*ACTIVITY:* In the material below, find the line containing "Hello, my name" and output it and all lines after it exactly, through the last one, without the pictures.

*EXERCISE MATERIAL:*

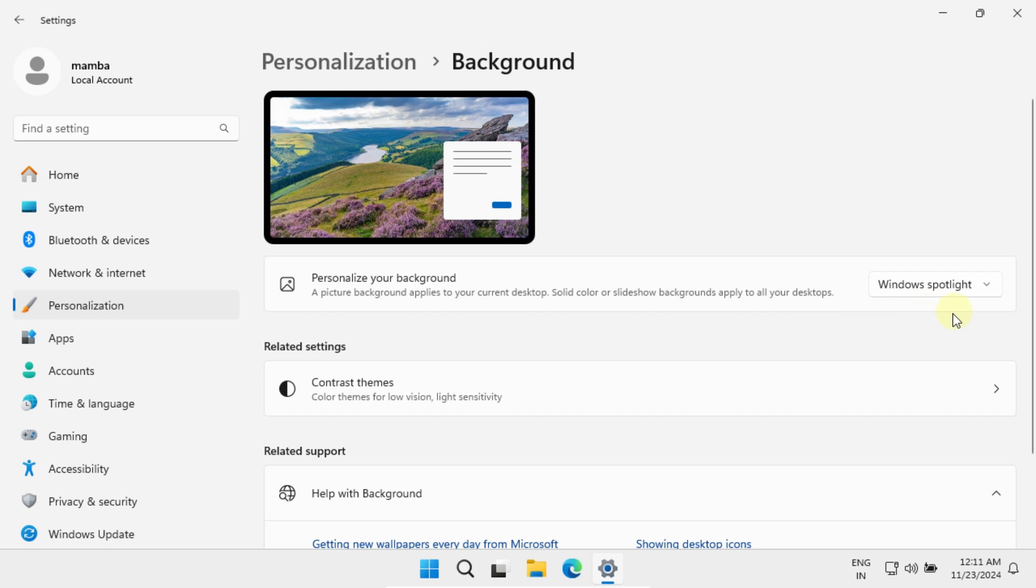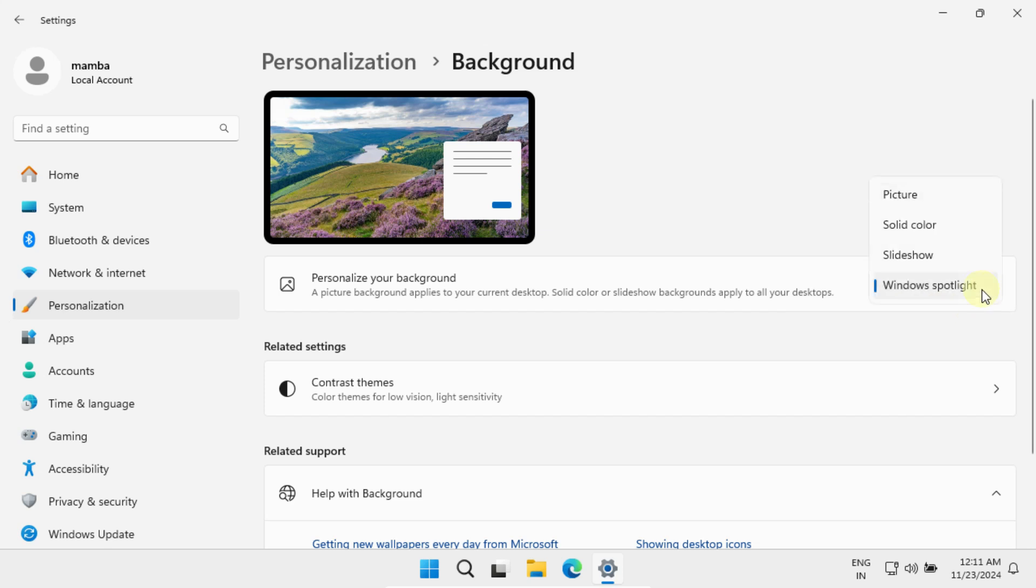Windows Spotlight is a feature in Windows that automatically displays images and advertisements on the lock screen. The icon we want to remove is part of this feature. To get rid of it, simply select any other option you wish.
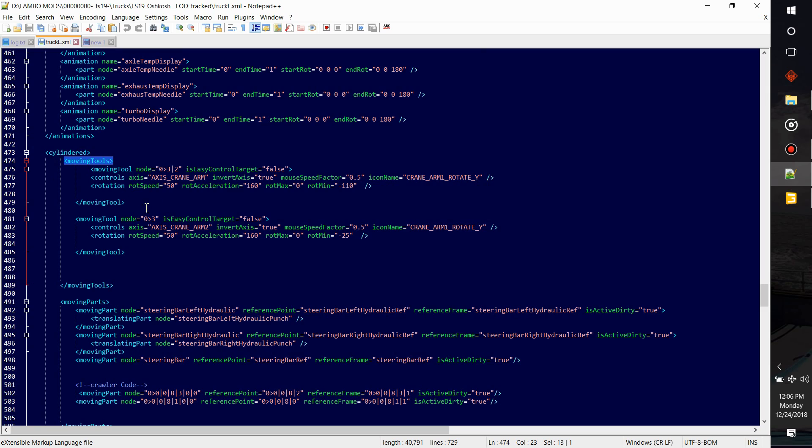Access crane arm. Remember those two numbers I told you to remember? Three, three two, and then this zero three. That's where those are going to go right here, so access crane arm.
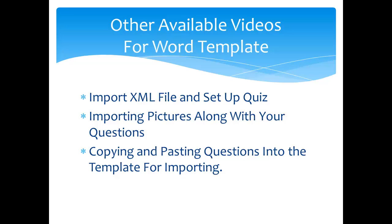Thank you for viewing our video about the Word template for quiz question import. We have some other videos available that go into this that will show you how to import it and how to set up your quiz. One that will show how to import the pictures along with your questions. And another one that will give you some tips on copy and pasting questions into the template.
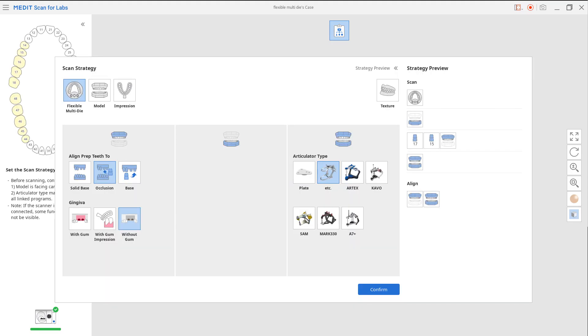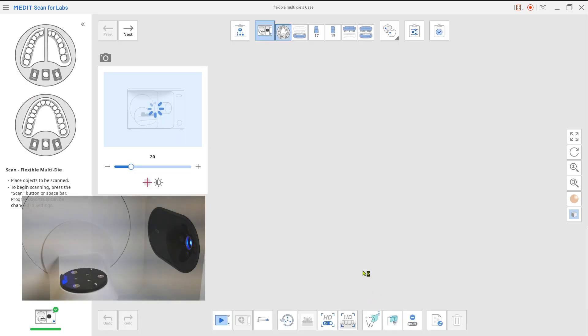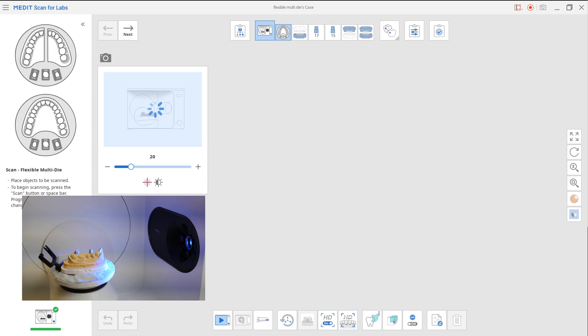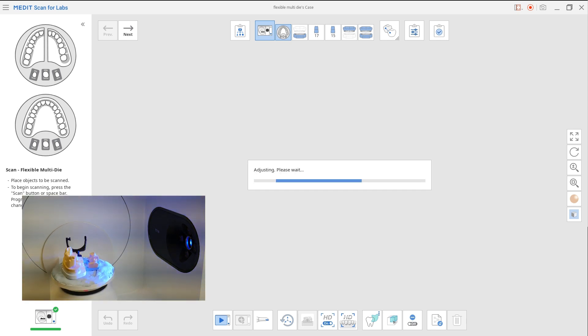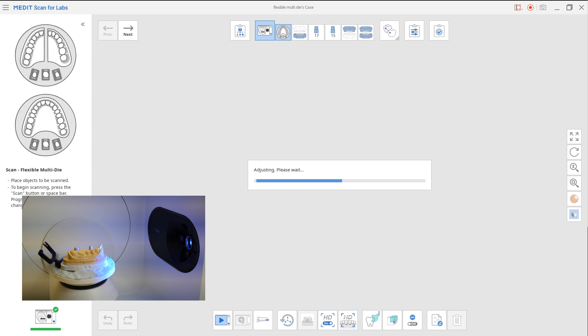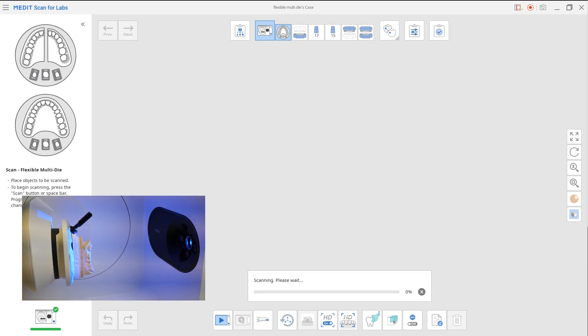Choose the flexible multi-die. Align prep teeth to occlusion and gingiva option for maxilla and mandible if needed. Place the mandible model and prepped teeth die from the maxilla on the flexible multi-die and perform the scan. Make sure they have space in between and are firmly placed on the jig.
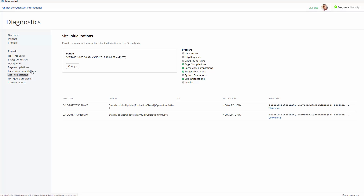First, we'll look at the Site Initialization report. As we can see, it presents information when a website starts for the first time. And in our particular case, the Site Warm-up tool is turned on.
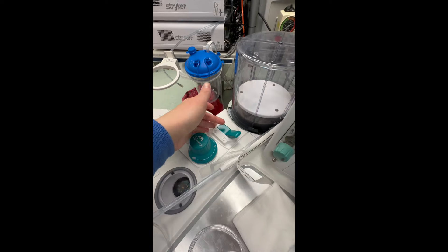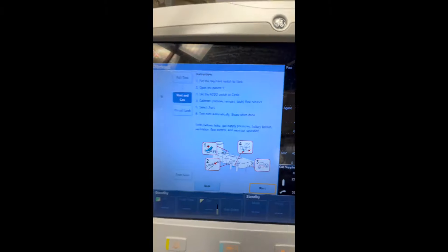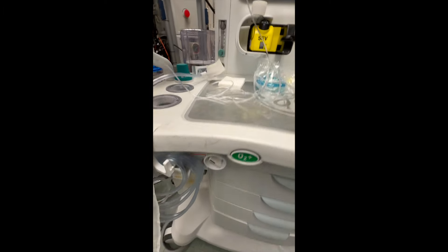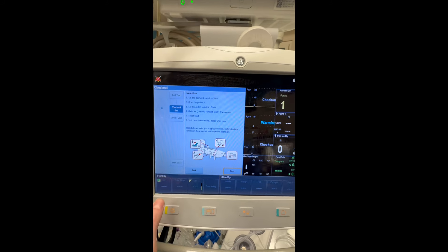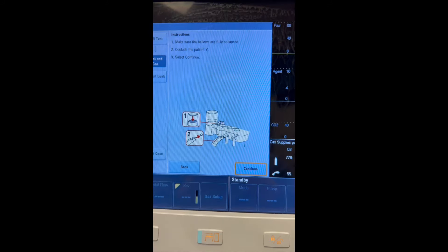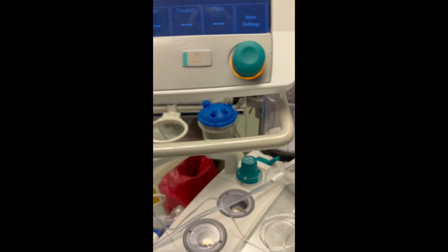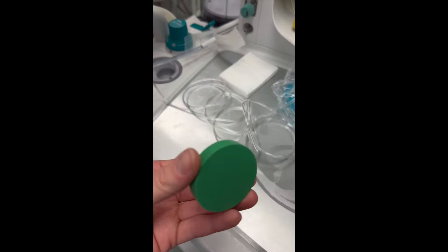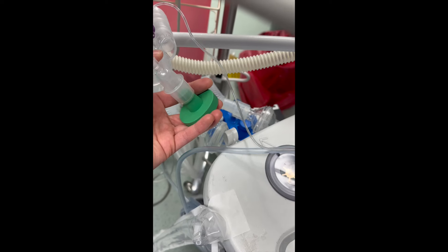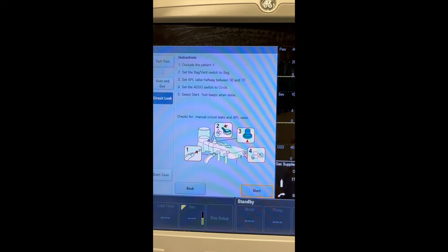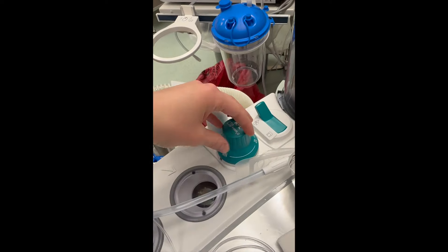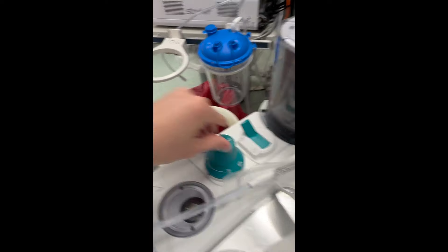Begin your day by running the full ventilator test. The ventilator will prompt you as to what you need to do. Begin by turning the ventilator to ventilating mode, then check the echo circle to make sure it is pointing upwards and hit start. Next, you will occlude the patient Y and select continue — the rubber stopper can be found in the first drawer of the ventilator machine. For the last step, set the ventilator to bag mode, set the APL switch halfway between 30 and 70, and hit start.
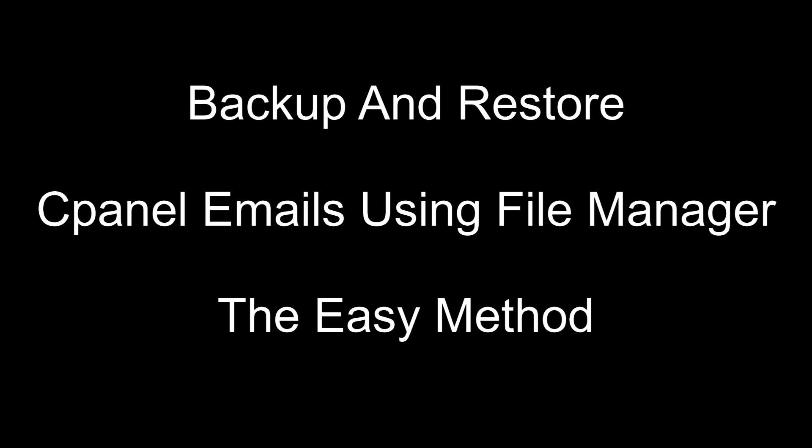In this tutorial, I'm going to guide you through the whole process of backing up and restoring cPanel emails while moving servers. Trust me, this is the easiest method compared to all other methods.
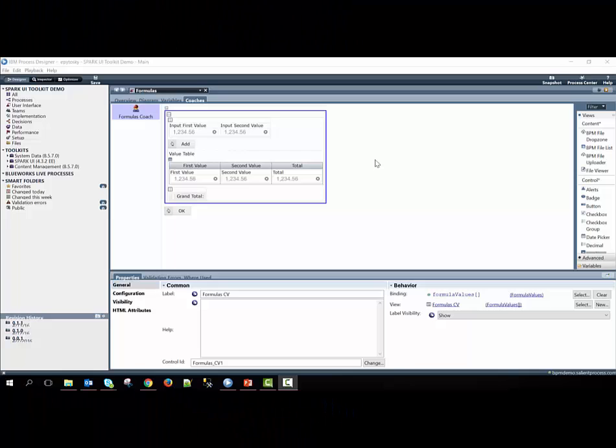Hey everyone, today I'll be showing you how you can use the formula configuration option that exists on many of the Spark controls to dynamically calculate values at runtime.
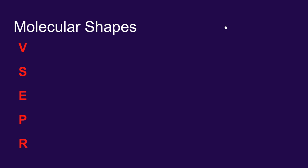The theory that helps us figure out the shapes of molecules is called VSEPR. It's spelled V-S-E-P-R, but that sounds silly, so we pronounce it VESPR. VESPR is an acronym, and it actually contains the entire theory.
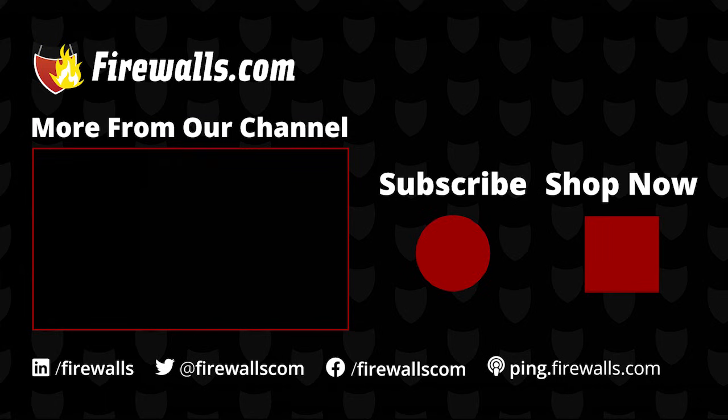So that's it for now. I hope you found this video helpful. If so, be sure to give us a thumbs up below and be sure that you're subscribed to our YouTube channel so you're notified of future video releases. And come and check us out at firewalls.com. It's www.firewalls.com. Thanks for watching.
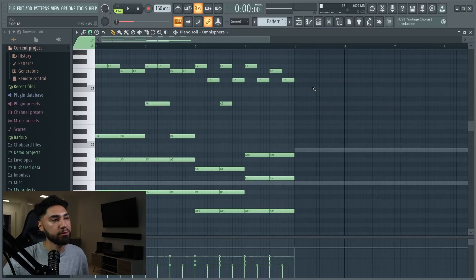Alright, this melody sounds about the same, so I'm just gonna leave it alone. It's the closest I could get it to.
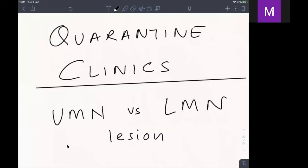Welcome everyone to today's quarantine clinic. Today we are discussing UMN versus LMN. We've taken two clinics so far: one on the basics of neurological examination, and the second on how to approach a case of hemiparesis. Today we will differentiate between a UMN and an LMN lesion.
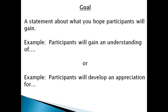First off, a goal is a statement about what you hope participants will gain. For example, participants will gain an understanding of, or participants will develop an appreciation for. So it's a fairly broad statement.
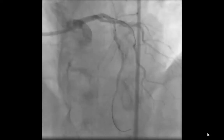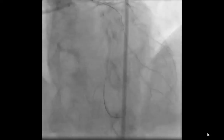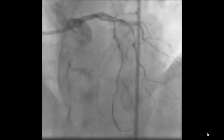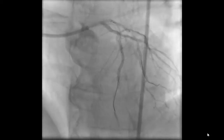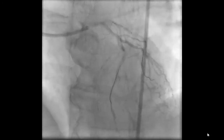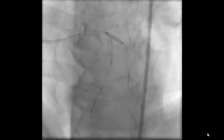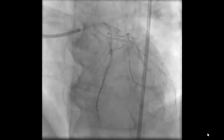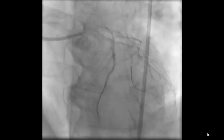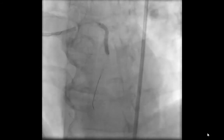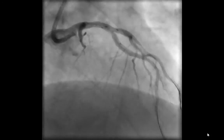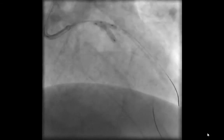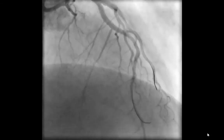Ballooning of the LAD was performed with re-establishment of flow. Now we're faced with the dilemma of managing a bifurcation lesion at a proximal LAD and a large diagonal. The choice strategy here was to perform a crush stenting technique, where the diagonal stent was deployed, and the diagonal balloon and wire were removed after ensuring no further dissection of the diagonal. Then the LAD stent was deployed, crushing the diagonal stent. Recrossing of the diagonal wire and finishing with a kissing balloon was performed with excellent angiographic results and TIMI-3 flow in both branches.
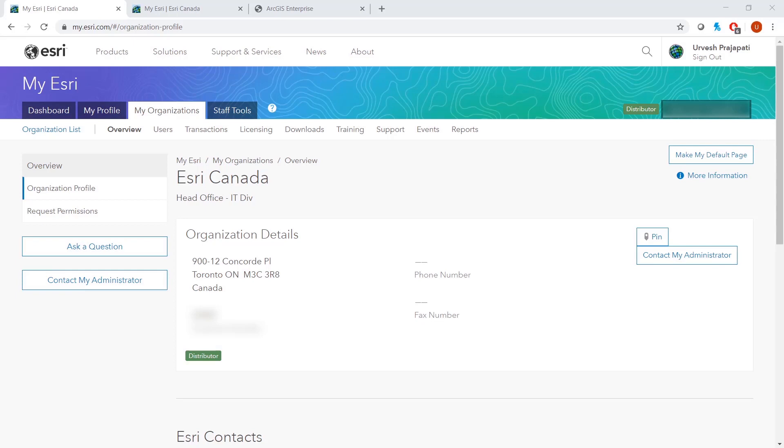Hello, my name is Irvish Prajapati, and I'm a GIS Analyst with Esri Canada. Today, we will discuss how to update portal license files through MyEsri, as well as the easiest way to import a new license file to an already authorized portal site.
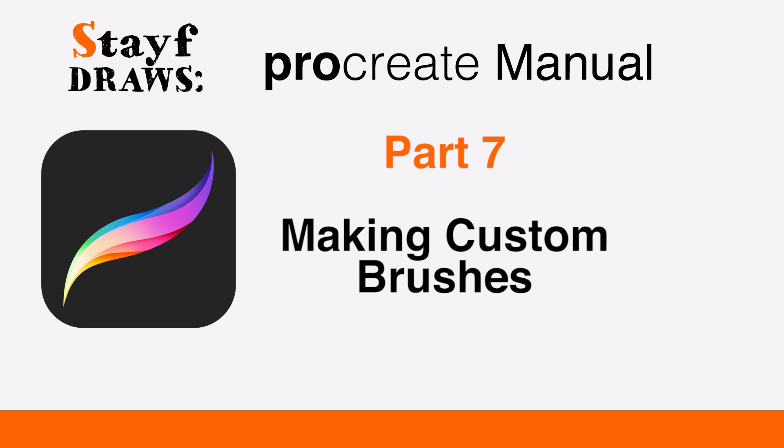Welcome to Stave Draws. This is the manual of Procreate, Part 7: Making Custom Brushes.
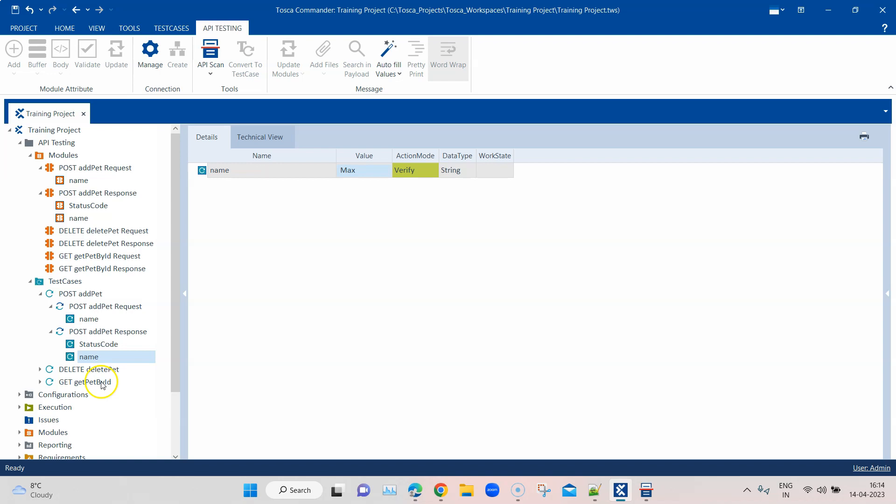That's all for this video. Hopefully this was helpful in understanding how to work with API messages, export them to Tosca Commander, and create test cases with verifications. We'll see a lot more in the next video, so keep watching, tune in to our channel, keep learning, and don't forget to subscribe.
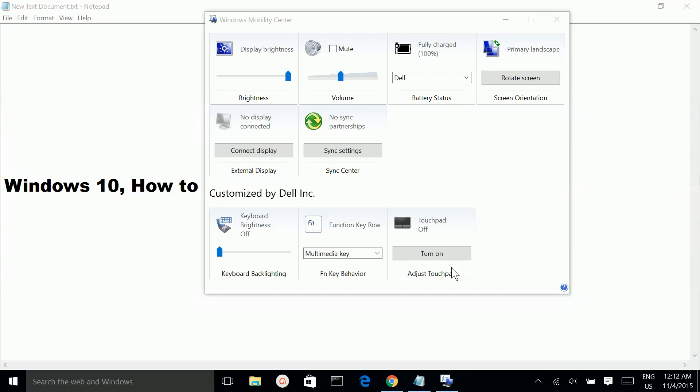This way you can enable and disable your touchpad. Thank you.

*SOLUTION TO THE EXERCISE:*
Hello, my name is Irvish Prajapati, and I'm a GIS Analyst with Esri Canada. Today, we will discuss how to update portal license files through MyEsri, as well as the easiest way to import a new license file to an already authorized portal site.
Welcome to Stave Draws. This is the manual of Procreate, Part 7: Making Custom Brushes.
That's all for this video. Hopefully this was helpful in understanding how to work with API messages, export them to Tosca Commander, and create test cases with verifications. We'll see a lot more in the next video, so keep watching, tune in to our channel, keep learning, and don't forget to subscribe.
This way you can enable and disable your touchpad. Thank you.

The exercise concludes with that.